Terkait dengan alutsista, sambung Nuning, pada prinsipnya pembenahan alutsista sebelum Minimum Essential Force (MEF) ditujukan untuk efisiensi sedangkan setelah MEF ditujukan untuk optimalisasi yang mencakup efektivitas dan efisiensi. Nuning menjabarkan, pembenahan alutsista TNI setelah MEF membutuhkan profesionalitas prajurit TNI dari ketiga angkatan yang terintegrasi. Artinya, sistem pendidikan dan latihan (Diklat) prajurit TNI harus dibenahi sesuai dengan operational requirement dan technical specification. Sedangkan, alutsista yang diadakan setelah MEF maka pendidikan dan latihan (Diklat) TNI harus menerapkan standar dan kriteria profesionalitas prajurit TNI yang baru sesuai parameter alutsista yang terintegrasi. ”Pembenahan alutsista yang terintegrasi dan pembenahan kompetensi dan kapasitas tempur prajurit TNI sesuai alutsista baru tersebut berujung pada pembenahan organisasi TNI,” kata Nuning.

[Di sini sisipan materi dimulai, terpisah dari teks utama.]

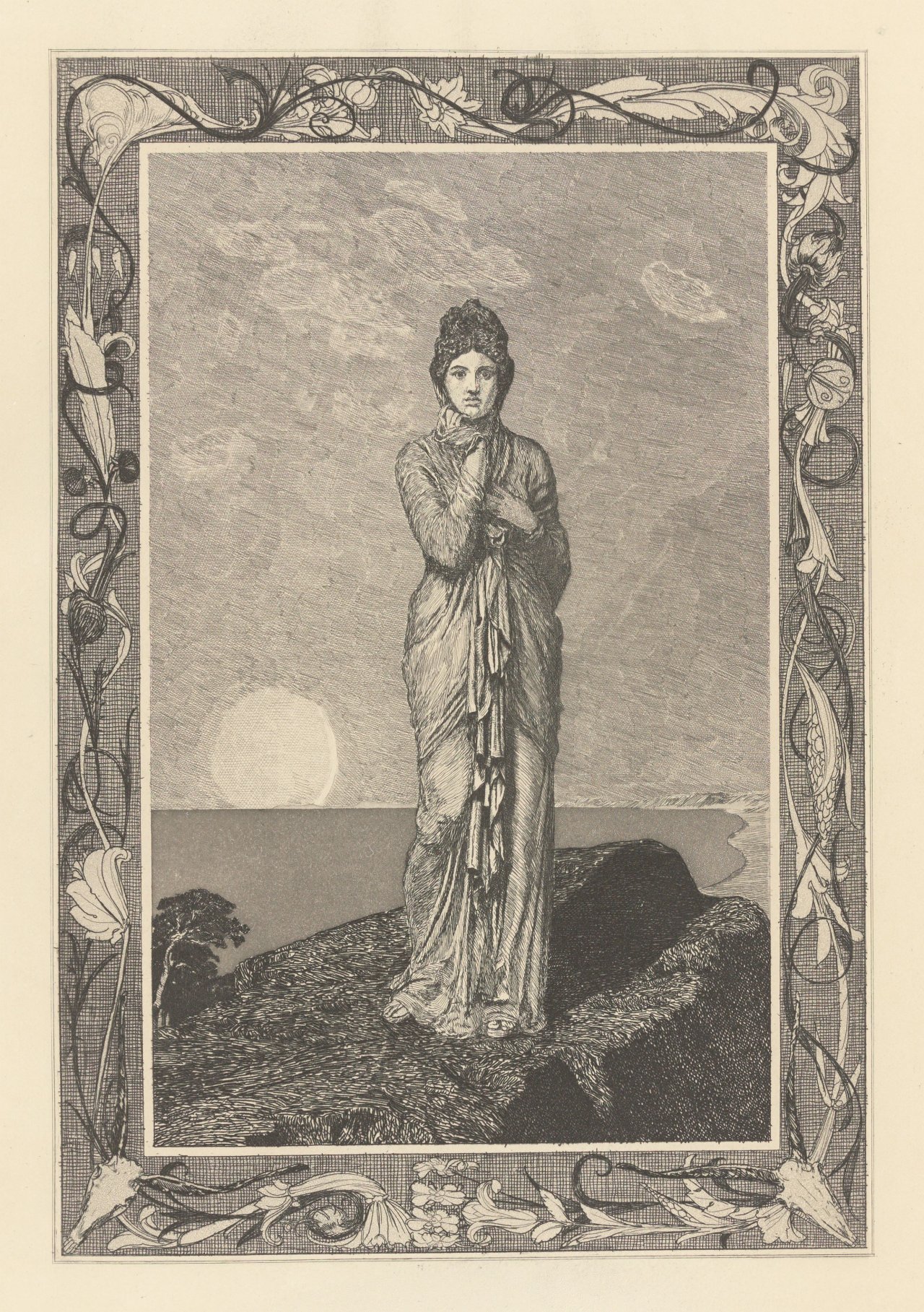 Auf diesem Bild ist das folgende Kunstwerk zu sehen: Max Klinger. „Amor und Psyche. Ein Märchen des Apulejus. Aus dem Lateinischen von Reinhold Jachmann“. 1881.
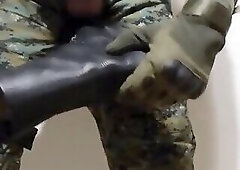 Soldier in Digital Jungle Camo jerked off on swiss army boot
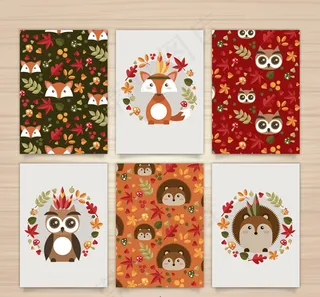 扁平化动物卡片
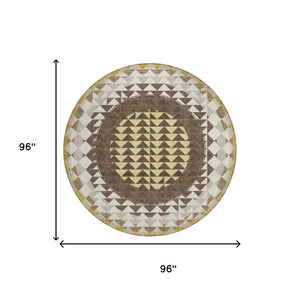 8 Foot Round Geometric Polyester Rug Washable Stain Resistant Indoor Outdoor Patio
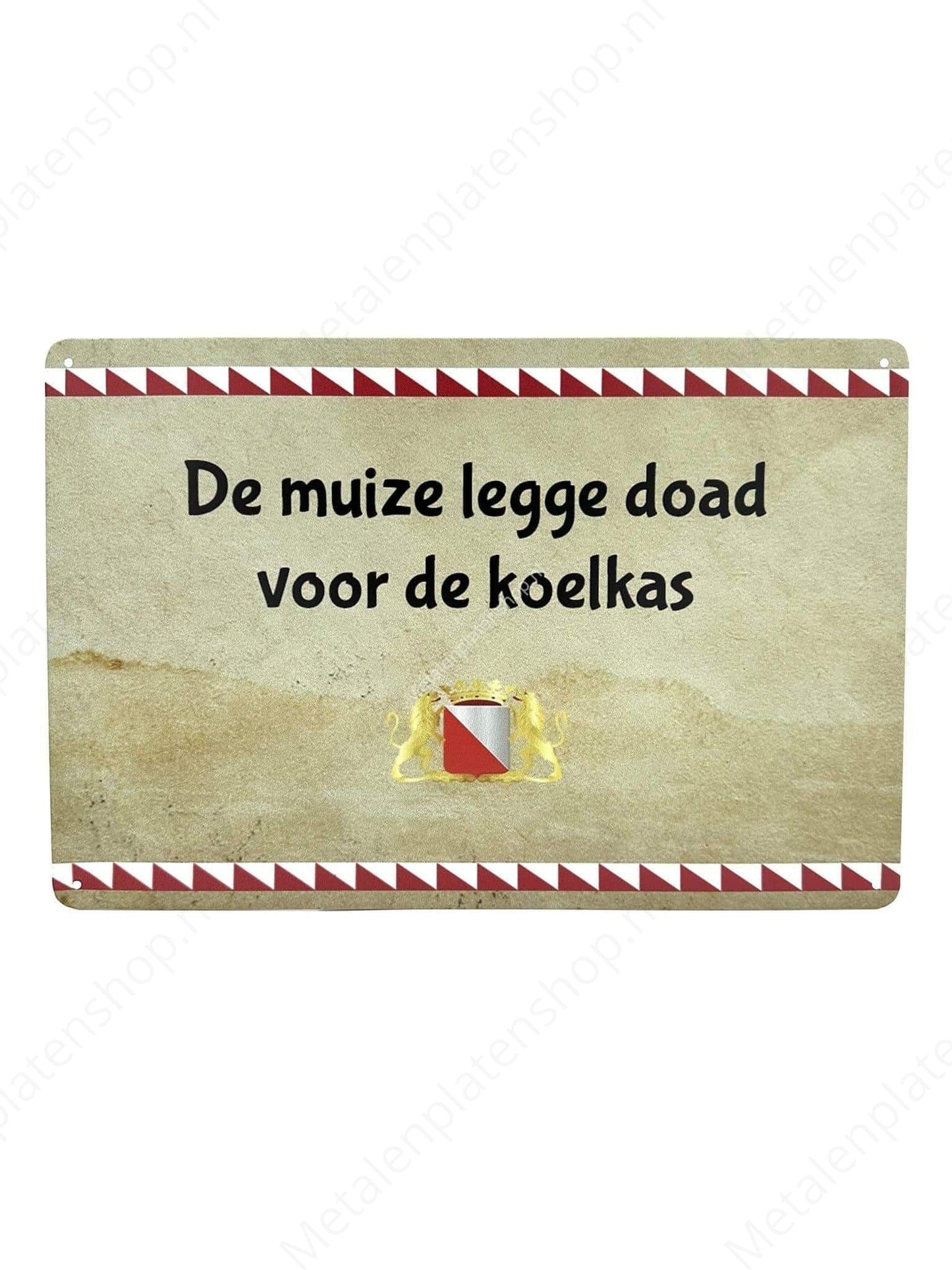 The mouse lay dead in front of the refrigerator - Metal Wall Sign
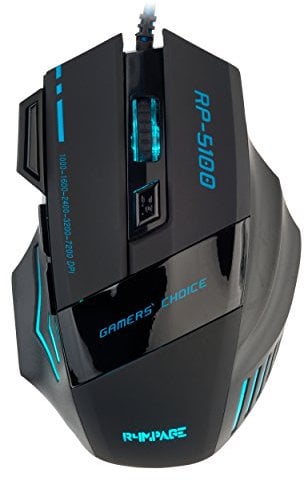r4mpage alámbrico RP de 5100 7 Botones óptico 6 LED de Colores gamingmaus hasta 7200 dpi con Rueda de Desplazamiento
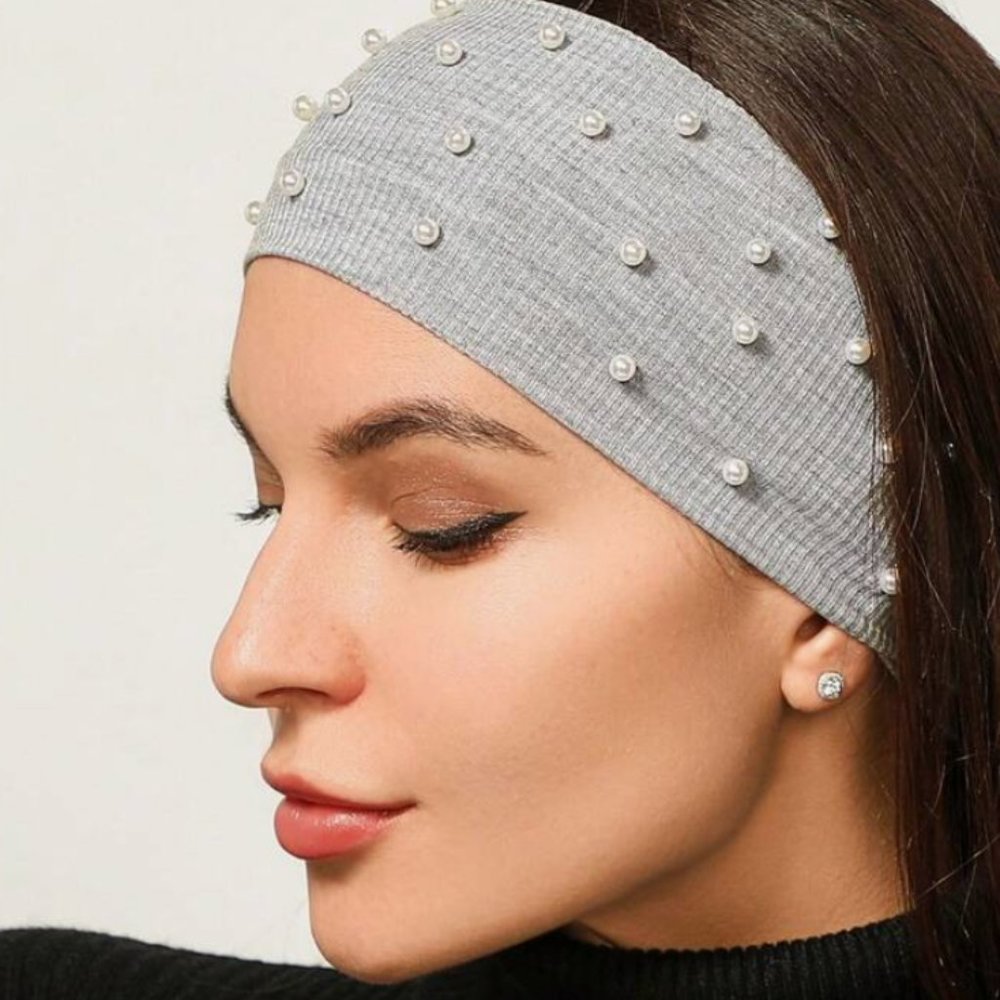 Light Grey Headband with Pearls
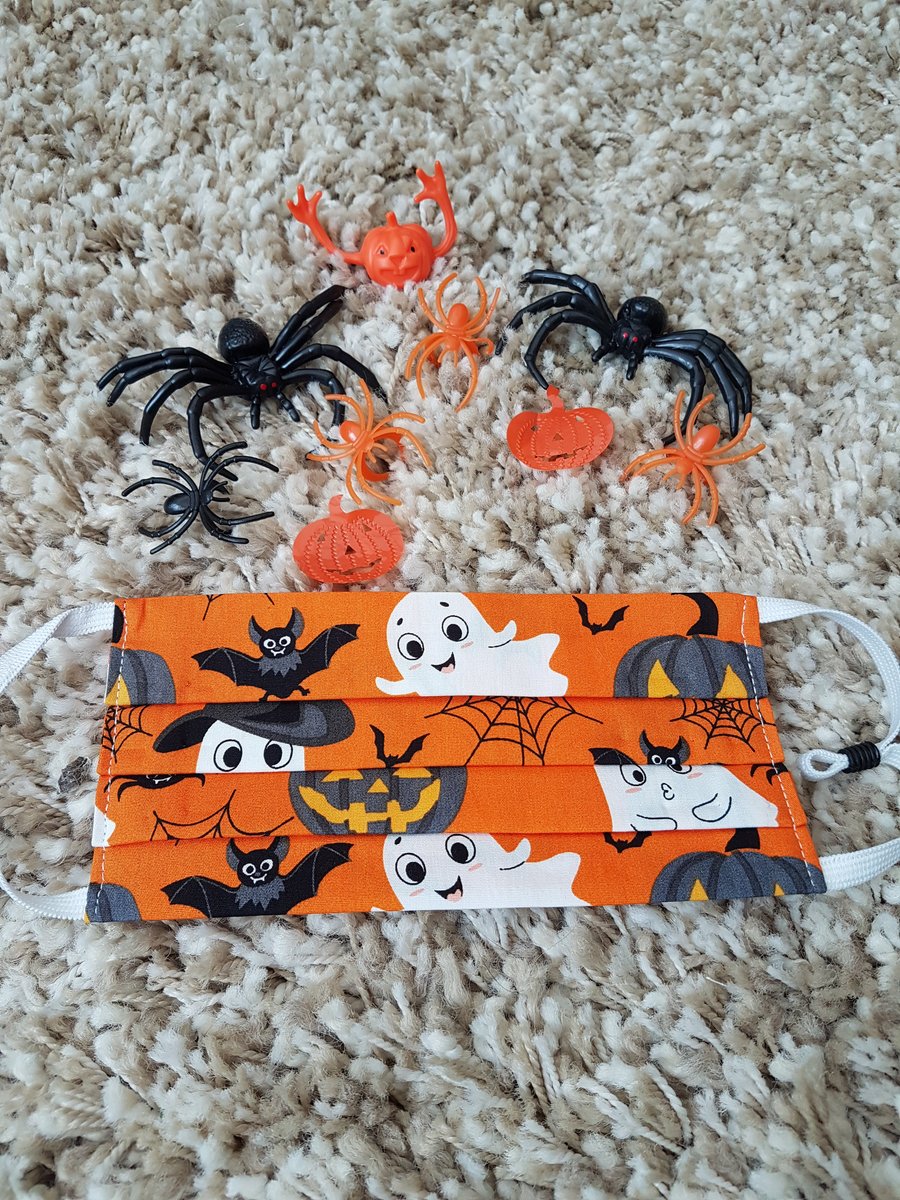 Halloween Child face covering – Orange Ghost and Bat print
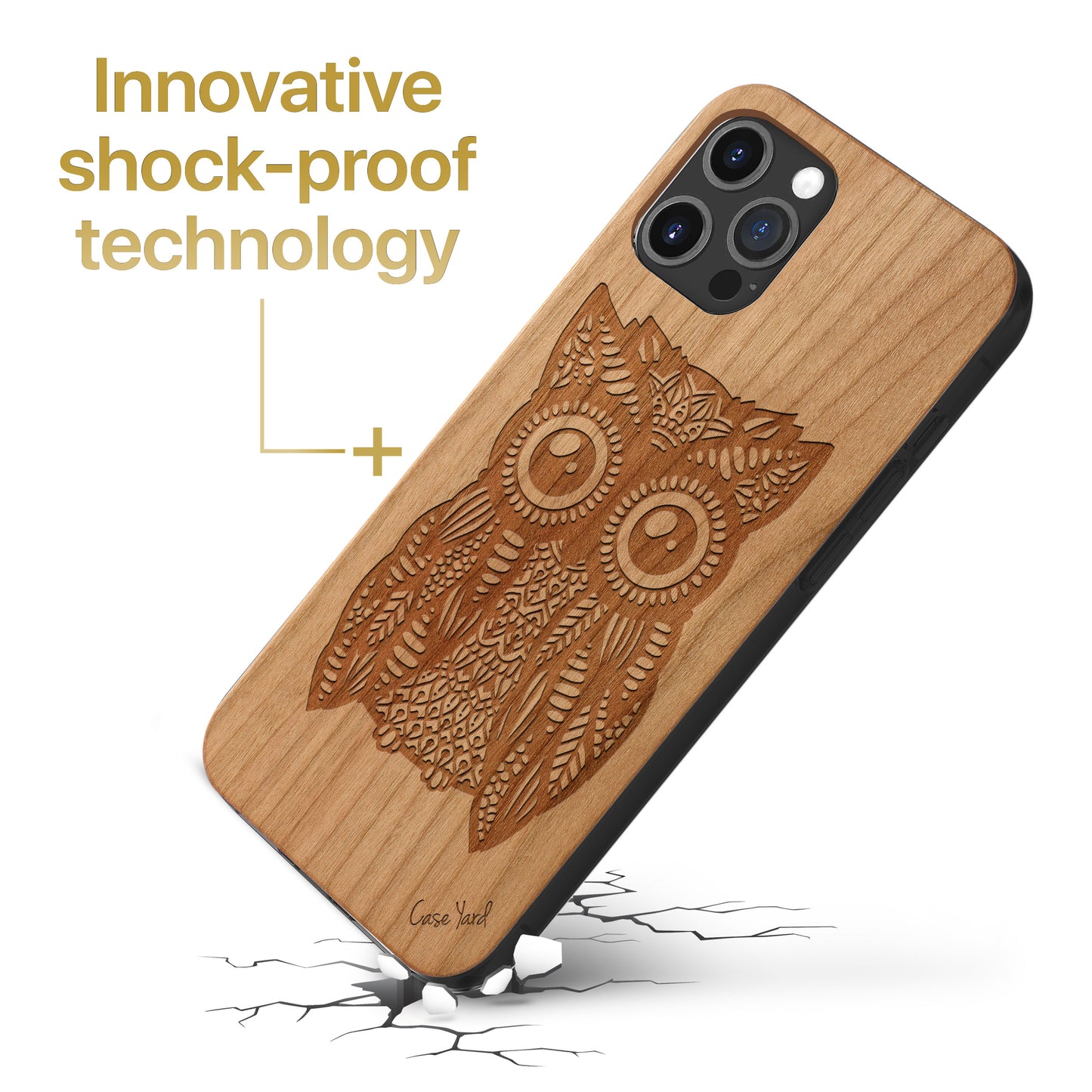 Wooden Cell Phone Case Cover, Laser Engraved case for iPhone & Samsung phone Great Owl Design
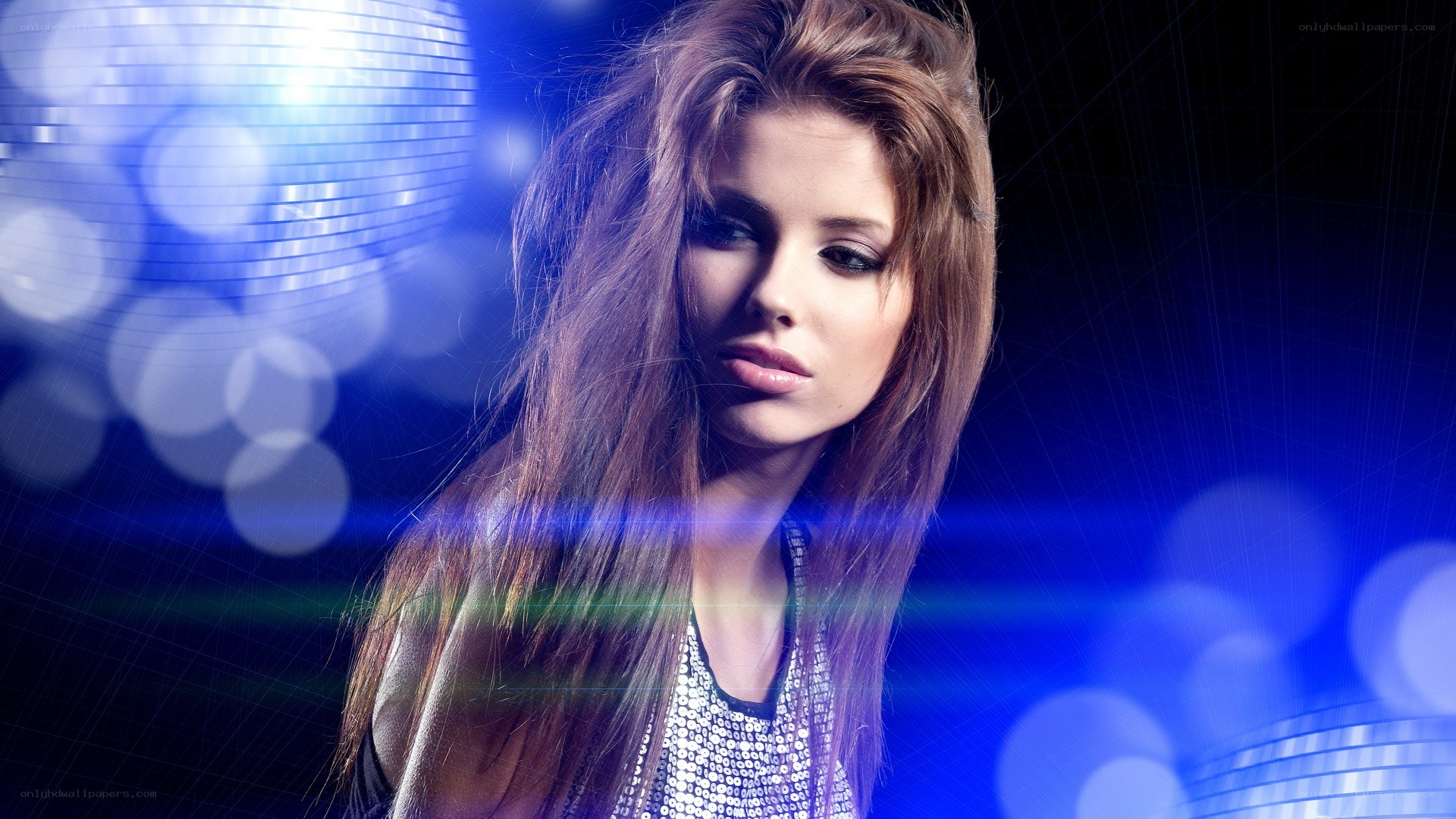 woman in disco setting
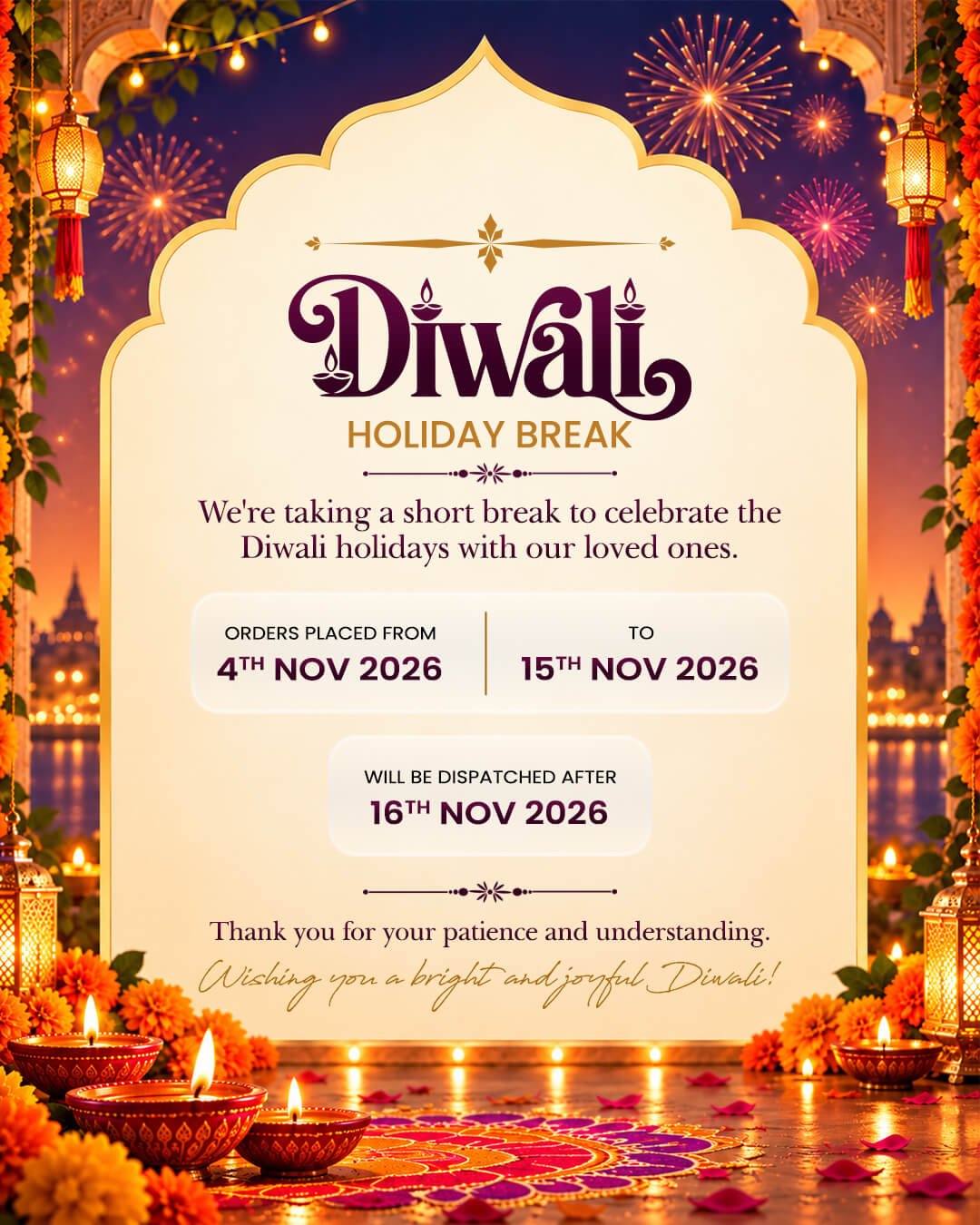 Diwali holiday break. Orders placed from 4 Nov 2026 to 15 Nov 2026 will be dispatched after 16 Nov 2026. Thank you for your patience and understanding. Wishing you a bright and joyful Diwali!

Kualitas prajurit TNI berikutnya yang harus ditingkatkan adalah kemampuan akademik baik di bidang metodologi cara berpikir maupun di bidang komunikasi. Kualitas metodologi cara berpikir secara ilmiah sangat dibutuhkan para prajurit TNI untuk senantiasa menggunakan perspektif yang ilmiah di dalam menyelenggarakan operasi militer. Sedangkan kualitas di bidang komunikasi sangat ditentukan kemampuan menggunakan bahasa-bahasa internasional. Nuning menilai, prajurit TNI pada level tamtama dan bintara sangat penting untuk mahir berbahasa Inggris. Termasuk kemampuan komunikasi antarbudaya juga harus ditingkatkan karena TNI juga berperan dalam menghadapi radikalisme maupun gejolak separatis.
”Terkait dengan ancaman tentu kita juga harus fokus pada ancaman wilayah laut. Pelanggaran wilayah perairan ZEE Indonesia di Laut Natuna sudah berulang kali terjadi dengan modus yang sama, yaitu diawali dengan masuknya kapal ikan Cina yang kemudian di-back up oleh China Coast Guard (CCG),” katanya.
Pelanggaran ini terjadi berulang karena Cina bersikeras melakukan klaim atas sebagian besar perairan Laut Cina Selatan yang dikenal dengan Nine Dashed Lines. Jadi, penting dipahami bahwa Cina tetap mengakui kedaulatan Indonesia atas Pulau Natuna dan Laut Teritorial Indonesia di Laut Natuna. Klaim Cina atas Nine Dashed Lines tumpang tundih dengan sebagian perairan ZEE Indonesia di Laut Natuna.
”Sedangkan untuk wilayah udara, jika TNI AU konsisten dengan konsep Network Centric Operation maka langkah awal adalah mulai menggeser kekuatan tempur utama TNI AU di wilayah perbatasan, mengingat jarak jelajah pesawat TNI AU sangat ditentukan dari mana pangkalan awalnya untuk airborne,” ucapnya.